O país através da televisão (III)
Portugal está chocado com a morte macabra de Carlos Castro. E logo uma multidão de bem pensantes vem reclamar que as televisões exploram excessivamente o tema, que não há limites para o decoro, que vale tudo nos tempos que correm.
Confesso que me impressiona o desfasamento entre quem “pensa o país” e quem nele efectivamente vive. Dez minutos num computador a navegar pelas redes sociais, ou cinco minutos no café da esquina, dão para perceber que a morte do cronista social mexe com o país, mexe com as pessoas, é tema e é notícia.
Brando é o país que, apesar das circunstancias, decide não explorar o lado efectivamente subterrâneo e negro deste mundo social onde Carlos Castro se movia – e onde a troca de favores de toda a espécie é corriqueira, e a ideia de “cronista polémico” não passa de uma ameaça vaga, “ai, ai, se eu abro a boca”...
Conheci bem o Carlos Castro, de quem gostei e que respeitei pelo seu lado de lutador incansável por um lugar ao sol, e de trabalhador dedicado. A sua morte impressiona e comove. Mas sei que o meio onde o Carlos se movia vive desta rede escorregadia de promessas de sucesso, de contactos, de croquetes, de ofertas, de borlas, de “eu sei a pessoa certa para...”
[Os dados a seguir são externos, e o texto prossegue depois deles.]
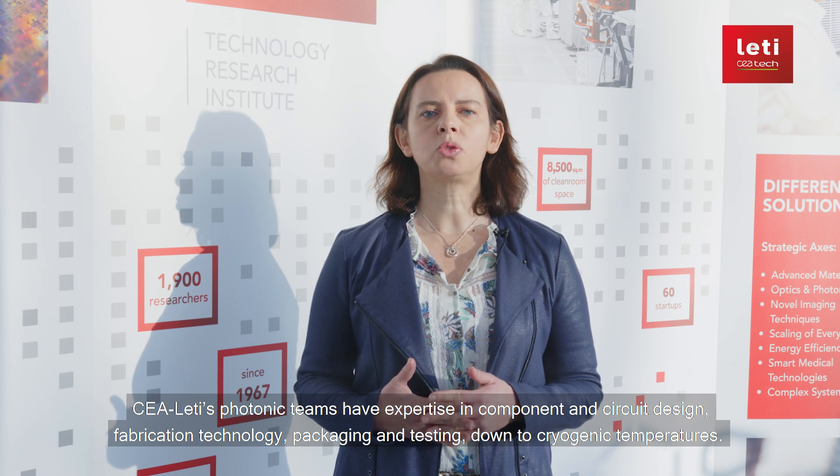HLETI's photonic teams have expertise in component and circuit design, fabrication technology, packaging, and testing down to cryogenic temperatures. Leveraging both these solid expertise and world-class pre-industrial facilities, we are developing unique quantum photonic integrated solutions matching your quantum communication or quantum computing system specifications.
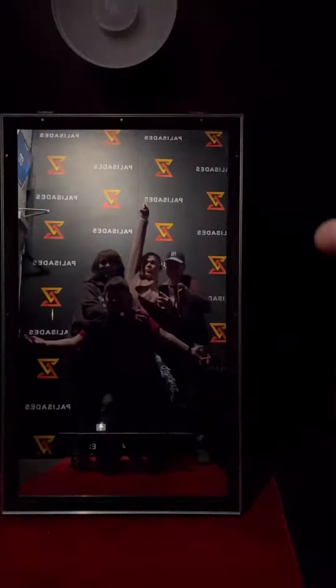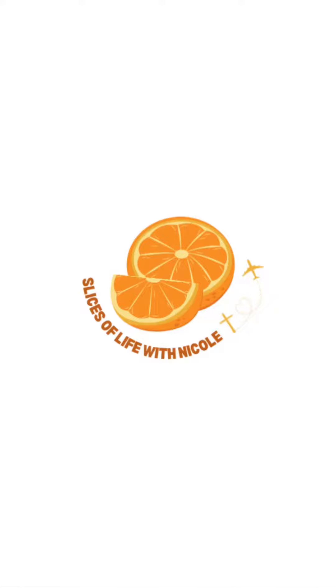One of the rooms had a really cool photo booth. Follow, like, and share.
... E também sei que ele nunca se libertou dessa teia - razão pela qual, na verdade, nunca afrontou quem quer que fosse e calou-se sempre mais do que falou. Morre com a glória de uma coroa que lhe estão agora a criar. E isso é triste, talvez até injusto. Mas seria ainda mais triste se os media não explorassem a sua morte. Porque, quer seja politicamente correcto dize-lo ou não, foi também disso que fez a sua vida.